Search code examples
pythontextwords

Get phrases with 3 words


I have tried to figure this one out for some time now.

I want to take a large text/string and split it into phrases of 3 words, and add them to an array.

I have tried using spilt() but it dosen't work as I hoped.

What I was thinking of doinig, to get it to work:

Start with the first 3 words in the string, when I got those, I put it in an array and move 1 word and take the next 3 words and so on and so on.

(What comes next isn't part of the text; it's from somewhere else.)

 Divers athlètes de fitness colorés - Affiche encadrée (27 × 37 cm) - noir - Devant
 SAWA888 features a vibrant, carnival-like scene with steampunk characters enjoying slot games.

Is this a bad way of doing this?

Kind regards :)


Solution

  • my_really_long_string = "this is a really long string"
    split_string = my_really_long_string.split()
    phrase_array = [" ".join(split_string[i:i+3]) for i in range(len(split_string) - 2)]
    

    The first line just represents your string.

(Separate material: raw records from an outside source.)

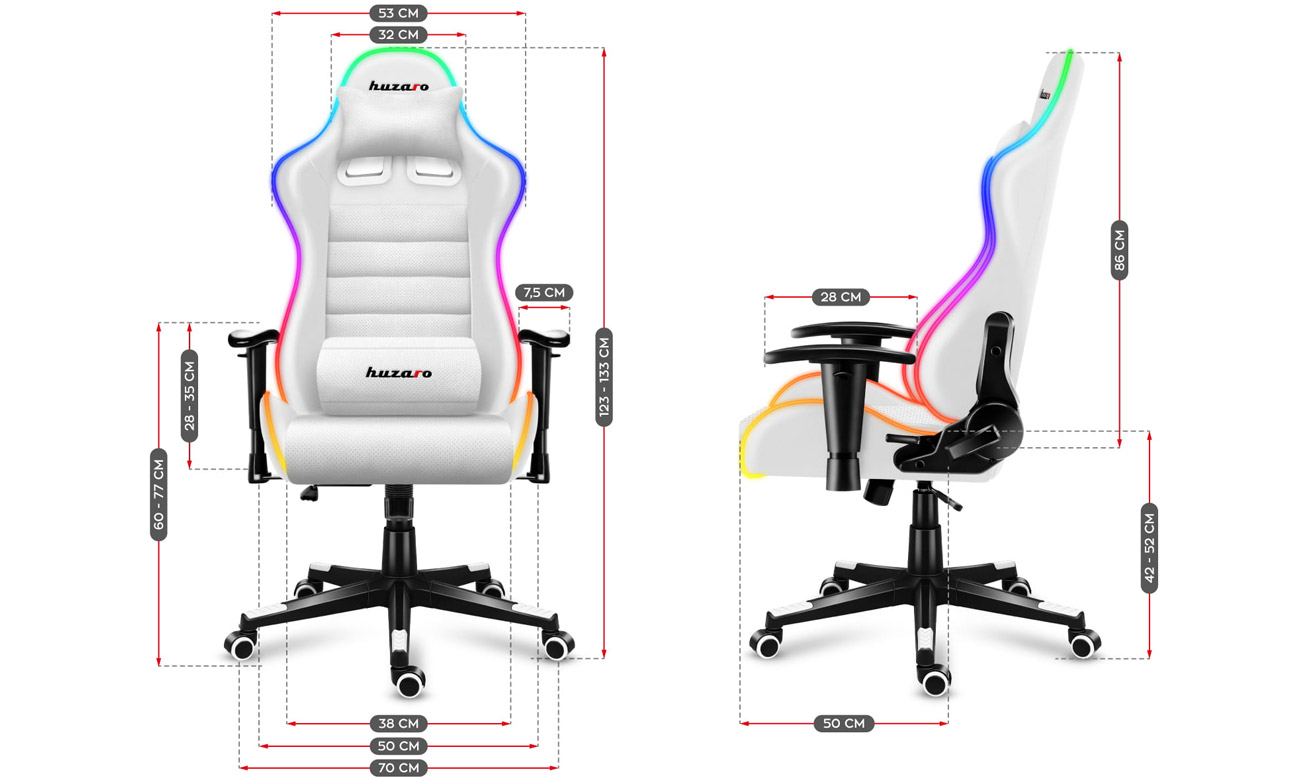 Fotel gamingowy Huzaro Force 6.0 RGB White - Grafika z wymiarami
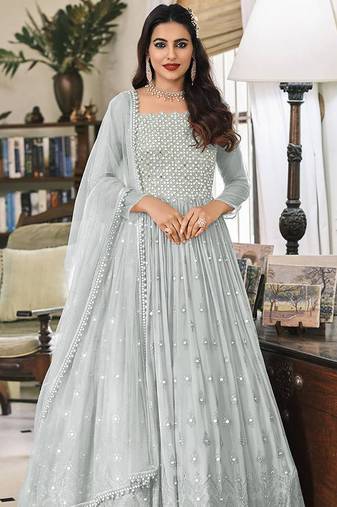 Light grey embroidered faux greogette anarkali salwar kameez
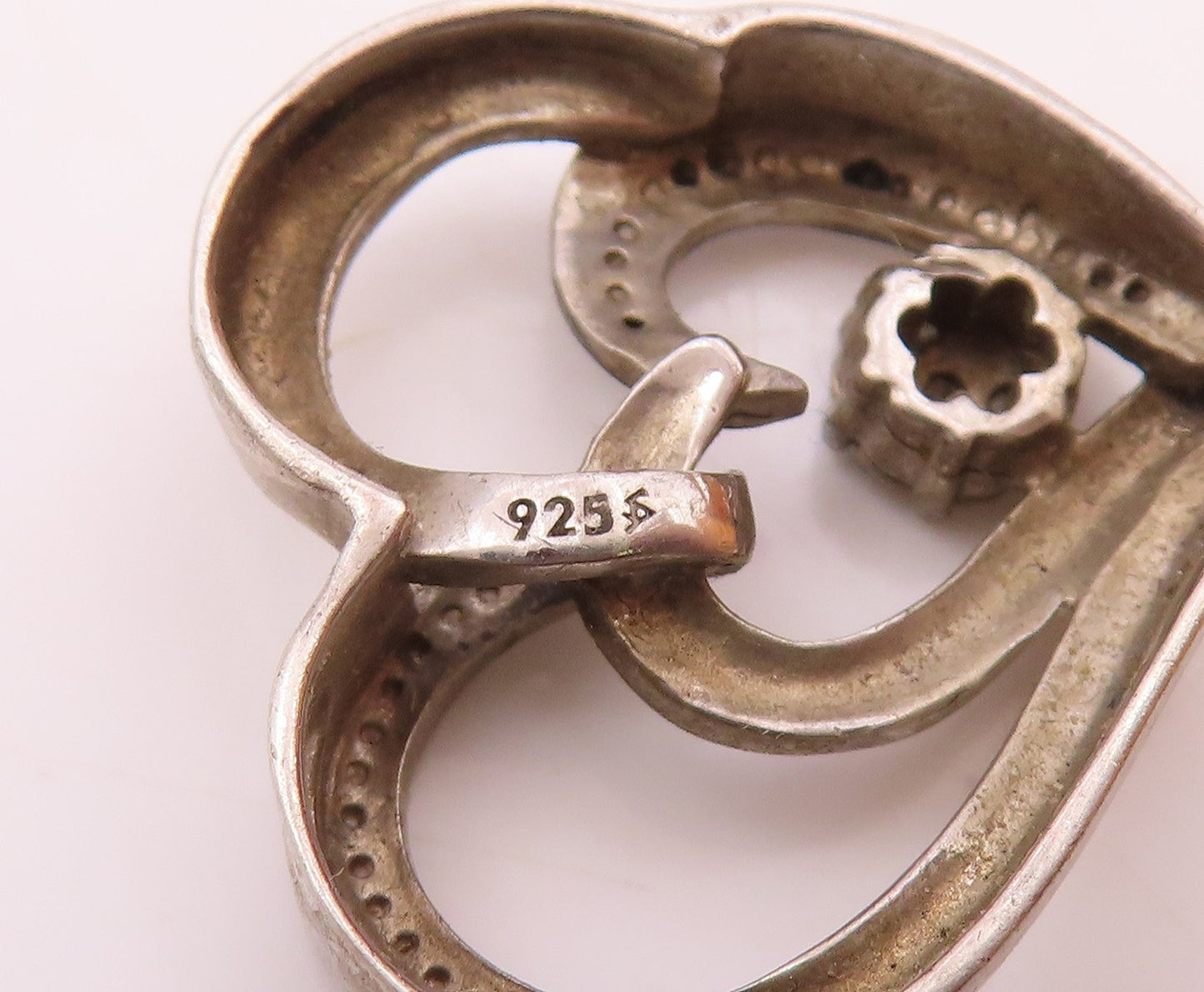 925 Sterling Silver  Vintage Genuine Diamond Love Heart Pendant  PT16801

    After that, just split on the spaces, assuming that's all you care about for defining the end of words. (@andrew_reece's comments about edge cases is highly relevant.)

    The next one iterates on the range of 0 to n-2 where n is the length of the string. It takes 3 consecutive words from the split_string array and joins them back with spaces.

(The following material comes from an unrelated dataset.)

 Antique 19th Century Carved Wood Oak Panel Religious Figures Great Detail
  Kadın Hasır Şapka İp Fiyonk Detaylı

    This is almost certainly not the fastest way to do things, since it has a split and a join, but it is very straightforward.

    >>> my_really_long_string = "this is a really long string"
    >>> split_string = my_really_long_string.split()
    >>> phrases = [" ".join(split_string[i:i+3]) for i in range(len(split_string) - 2)]
    >>> 
    >>> phrases
    ['this is a', 'is a really', 'a really long', 'really long string']
    >>>